LYNDA BIRD JOHNSON'S EMPLOYMENT PLANS

[18.] Q. Mr. President, there is a report this morning from New York that your daughter Lynda Bird is job hunting in New York.

THE PRESIDENT. What about it?

Q. Is it true?

THE PRESIDENT. Lynda told me, I think yesterday, that she wanted to work this year and that she had been asked by three or four of her friends to come in for an interview. She is being interviewed this week and will be in the next several weeks, I think, preparatory to deciding what work she will do this year.

Q. Do you know what kind of work it would be?

THE PRESIDENT. No. I think it would be premature. I don't think she has decided, and I know that her employers have not. She has just told them that she would like to work there--work next year.

PRESS REPORTS ON FUTURE MILITARY NEEDS

IN VIETNAM

[19.] Q. Mr. President, there were reports published this week about two studies.

THE PRESIDENT. What reports? Who published them? I want to see if it is worth my answer.

Q. The front page of the New York Times yesterday--and subsequent reports.

THE PRESIDENT. The Dale 13 story, are you talking about?

13 Edwin L. Dale, Jr., New York Times correspondent.

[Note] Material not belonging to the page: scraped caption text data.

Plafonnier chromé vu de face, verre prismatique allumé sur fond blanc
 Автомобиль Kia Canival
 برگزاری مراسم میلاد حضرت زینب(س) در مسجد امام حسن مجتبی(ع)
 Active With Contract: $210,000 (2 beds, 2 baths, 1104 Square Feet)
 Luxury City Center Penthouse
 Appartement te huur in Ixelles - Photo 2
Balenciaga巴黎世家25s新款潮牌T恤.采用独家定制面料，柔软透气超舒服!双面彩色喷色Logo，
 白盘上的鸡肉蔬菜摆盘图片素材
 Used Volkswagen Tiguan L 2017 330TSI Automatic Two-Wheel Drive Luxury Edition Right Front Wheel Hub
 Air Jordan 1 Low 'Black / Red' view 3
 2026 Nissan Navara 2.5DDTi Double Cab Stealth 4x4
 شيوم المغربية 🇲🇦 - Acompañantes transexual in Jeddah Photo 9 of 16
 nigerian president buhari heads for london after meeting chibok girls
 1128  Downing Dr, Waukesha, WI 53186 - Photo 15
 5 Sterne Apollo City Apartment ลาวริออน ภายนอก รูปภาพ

Q. No, the story on the reports, evidently out of Saigon, pointing to the need for our presence in Vietnam for 8 years, or with 750,000 troops for 4 years.

THE PRESIDENT. Yes, I saw that.

Q. Sir, do you consider that a realistic estimate of the situation?

THE PRESIDENT. We have not been able to find any of those reports in the Government here. I read the reports. There were several deep, deep, deep backgrounders taking place out there by civilians and military people and different ones. I asked Secretary McNamara if he could confirm the existence of such a report. It was, I believe, alleged to be a Defense Department report. Is that correct?

Q. That is what the paper said, yes.

THE PRESIDENT. I called him and asked him. He said that he was not aware of it and he would check it and let me know. He came over last night and said he had not seen one. He was not aware that there was any Defense Department report; that he did not agree with the conclusions.

I have never seen it, or heard of it. The first I knew about it was yesterday morning.

Merriman Smith, United Press International: Thank you, Mr. President.

Note: President Johnson's sixty-ninth news conference was held in his office at the White House at 11:30 a.m. on Tuesday, August 9, 1966.